Tony Blair chats to Austria's Chancellor Klima as Bertie Ahern looks on

The British Prime Minister Tony Blair and his Irish counterpart Bertie Ahern have been reviewing progress in the Northern Ireland peace process at an informal European Union summit near Bonn.

As EU delegates discussed the Union's budget and Europe's farming subsidies, the two prime ministers vowed to battle on with the peace deal's outstanding problems.


Tony Blair: We have a way to take forward the issue of decomissioning
"We're very clear on what we have to do in the Good Friday agreement ... we have just got to keep pushing the thing forward as well as we possibly can," said Tony Blair.

Both Mr Ahern and Mr Blair said the way forward on the outstanding deadlocked issue of paramilitary disarmament was through the official decommissioning commission.

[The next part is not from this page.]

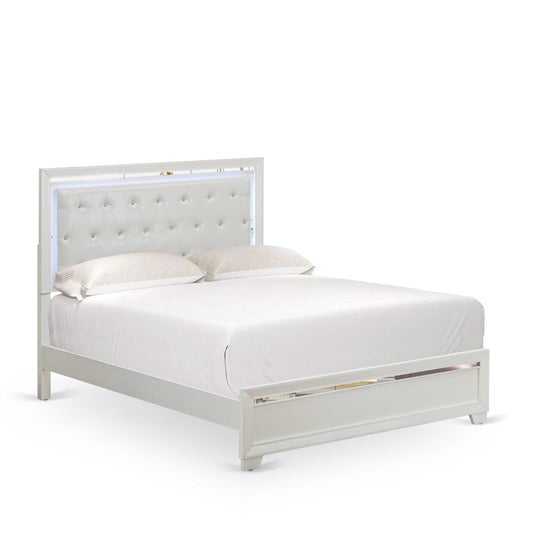 Pandora Wooden Queen Bed - Wood Bed Frame By East West Furniture | Beds | Modishstore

Bertie Ahern: General John de Chastelain has the expertise
Chaired by former Canadian General John de Chastelain, the international commission is trying to take arms out of the province's political arena.

The republican party Sinn Fein insists it is fully cooperating with the commission, which is implementing the final deadline for the handover of arms in May next year.

But some Ulster Unionists are opposing further peace moves because of the IRA's failure to begin disarming.

Arms pressure

According to Mr Ahern and Mr Blair, the following few weeks will be a key time to try and finalise disarmament issues.

"During the month of March ... we can conclude the central aspects," said Mr Blair.

But in a separate development on Friday, the chairman of the IRA's political wing warned that pressure on disarmament could cause irreparable damage to the fragile peace process.

Sinn Fein's Mitchel McLaughlin said disarmament should not become a litmus test for progress.

"Those who are now demanding prior decommissioning before we move to setting up the executive are reneging on the Good Friday Agreement," said Mr McLaughlin in an interview with BBC radio.